Al MWC17 Vernee stuzzica tutti con Apollo 2, primo smartphone dotato di Helio X30; non era presente in fiera, salvo sotto forma di mockup, ma non sono mancate altre sorprese: in bella mostra Apollo Mars, Thor Plus e Apollo X, tutti fotografati da Macitynet.

Tra i nuovi terminali Vernee un posto d’eccezione lo merita sicuramente il modello Mars. Dalle linee estremamente pulite, anche sul retro, con antenne nascoste sulle cornici inferiori e superiori, soluzione simile a quella di iPhone 7, presenta una caratteristica del tutto originale: un sensore per le impronte digitali posizionato sulla cornice, poco sotto al bilanciere del volume. Si tratta di una soluzione di particolare interesse, perché potrebbe risultare comoda nel quotidiano. In questo modo il produttore può in tranquillità eliminare tasti frontali fisici, evitando di posizionare il sensore sul retro, scelta che non piace ad una ricca schiera di utenti.

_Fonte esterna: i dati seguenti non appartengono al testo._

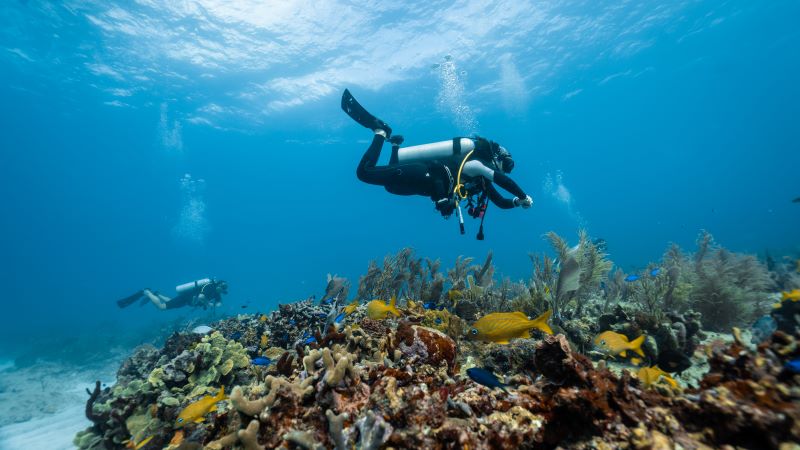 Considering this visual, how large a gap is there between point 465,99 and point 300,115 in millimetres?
19065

La galleria Macitynet fa riferimento al modello Mars, ma la società ha già annunciato l’arrivo sul mercato del modello Mars Pro, che monterò processore Mediatek Helio P25, con 6GB di RAM a supporto e 64 GB di memoria integrata. Tra le altre caratteristiche note, anche il display da 5,5 pollici con risoluzione Full HD, batteria capiente da 3500 mAh e sistema operativo Android Nougat 7.0.

Altro modello in mostra è Thor Plus, che a differenza del diretto predecessore, vanta un display più grande da 5,5 pollici, anche se con una risoluzione sempre HD, 720p. La novità, però, riguarda soprattutto la tecnologia impiegata,  questa volta   AMOLED e non IPS.

Qui sotto: una vista a 360° dello stand Vernee tratta dalla nostra galleria a 360° di MWC17.

Thor Plus vanta anche un corpo in metallo, mentre sulla parte frontale un sensore soft touch per il riconoscimento delle impronte digitali. Al suo interno,  Vernee Thor Plus è monta un processore MTK6753, supportato da 3 GB di RAM e 16 GB di memoria interna. Reparto multimediale affidato a camere  da 13 e 5 megapixel, mentre l’autonomia sarà mostruosa, grazie alla batteria da 6050 mAh, supportato dal  sistema di ricarica rapida Mediatek, che si serve del caricatore in dotazione da 9V a 2A.

Apollo X, invece, sarà un terminale con display da 5,5 pollici, con risoluzione Full HD e tecnologia Sharp IGZO. Al suo interno a muovere il terminale un processore Helio X20 deca-core, con supporto di 4 GB di RAM. La memoria integrata sarà da 64 GB, mentre il reparto multimediale sarà affidato ad un modulo principale da 16 MP, con quello secondario da 5MP. L’autonomia affidata ad una batteria da 3500 mAh, mentre il sistema operativo sarà Android 7.1.

Il più atteso dei terminali, Apollo 2, non era presente in fiera, se non sotto forma di mockup non funzionante. Sarà comunque caratterizzato da  un display Full HD da 5.5 pollici, con il supporto di 6 o 8GB di memoria RAM, affiancati da 64 o 128GB di memoria integrata, a seconda della versione scelta. La scocca  completamente in metallo, con in fondo la porta USB-C, oltre ad un sensore frontale per la lettura delle impronte digitali sulla parte frontale. A muovere il tutto, come già anticipato il processore Helio X30.

I prodotti Vernee sono in vendita in Italia attraverso Amazon.